General Manager Ned Colletti wanted to finish negotiations with Wolf before a large contingent of Dodgers front office officials departs Thursday for the Dominican Republic. Wolf and new center fielder Juan Pierre are scheduled to be introduced at a news conference Wednesday at Dodger Stadium.

Colletti met with Wolf about a week ago and was impressed by his desire to play for the Dodgers. Wolf also talked to Nomar Garciaparra, who grew up in Southern California and recently signed a two-year contract to remain with the Dodgers. Both players are represented by agent Arn Tellem.


Wolf, 30, was 69-60 with a 4.21 earned-run average in eight seasons with the Philadelphia Phillies, who made him a second-round draft pick in 1997. He was 4-0 with a 5.56 ERA in 56 2/3 innings last season after coming off the disabled list July 31, helping the Phillies contend for the National League wild-card berth.

He had ligament replacement surgery on July 1, 2005, and took a year to recover. Scouting reports indicate Wolf regained his velocity and the snap on his curveball during his 12 starts in August and September this year. He lacked command, but scouts attributed that to his long layoff.

Wolf was one of the National League’s top left-handers from 2000 to 2003, posting 48 victories and logging at least 200 innings three times. He began to experience elbow pain in 2004 and pitched 136 2/3 innings. He made 13 starts in 2005 before having surgery.

A source close to the negotiations said the Chicago Cubs and St. Louis Cardinals made offers to sign Wolf for three years, with the deals ranging from $21 million to $24 million. The Arizona Diamondbacks had a similar offer on the table before they acquired left-hander Doug Davis from the Milwaukee Brewers, and the Phillies chased Wolf until signing Adam Eaton to a three-year deal Monday.

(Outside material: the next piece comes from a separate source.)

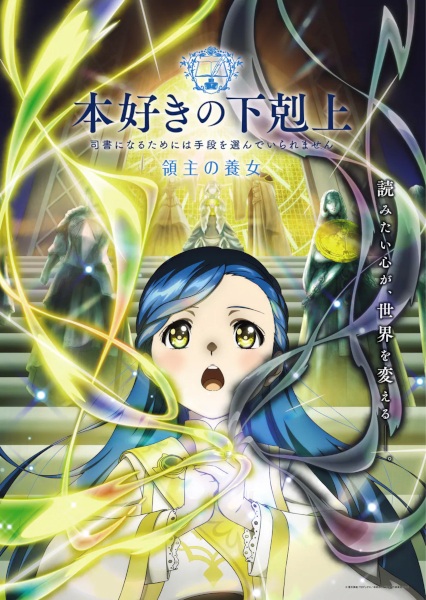 Honzuki no Gekokujou الموسم الرابع الحلقة 18 مترجمة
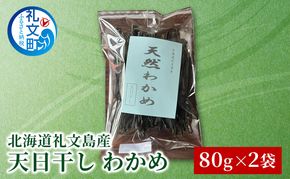 北海道 礼文島産 天然 天日干しわかめ 80g×2袋［れぶんちゅら工房］【 ワカメ 海藻 磯の香り 肉厚 味噌汁 サラダ 酢の物 健康 】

But Wolf took a shorter deal to join the Dodgers, the team he rooted for while growing up in Canoga Park and playing in West Hills Pony League. He is coming off a four-year, $22-million deal that was heavily back-loaded -- he made $9 million in 2006.

Wolf was an All-American at Pepperdine, where he also batted cleanup as a designated hitter when he wasn’t pitching. His best offensive season with the Phillies was in 2004; he hit .267 with three home runs.

The Dodgers drafted Wolf out of El Camino Real in 1994 but he chose to attend Pepperdine. He pitched at Dodger Stadium in the 1993 and 1994 City Section championship games, joining Bret Saberhagen as the only pitchers to win a City title and a major league game at Dodger Stadium.

Wolf joins right-handers Derek Lowe, Brad Penny and Chad Billingsley in the Dodgers rotation, leaving Hong-Chi Kuo, Mark Hendrickson and Brett Tomko to battle for the fifth spot. However, the Dodgers are expected to pursue another veteran starter during the upcoming winter meetings, with Greg Maddux and Jason Schmidt at the top of the list.


The Dodgers also are pursuing a power hitter, most likely through a trade. They have had discussions with the Boston Red Sox regarding left fielder Manny Ramirez, but the asking price has been too high. According to a source, the Red Sox want three players, including budding slugger Matt Kemp, the top outfield prospect in the organization.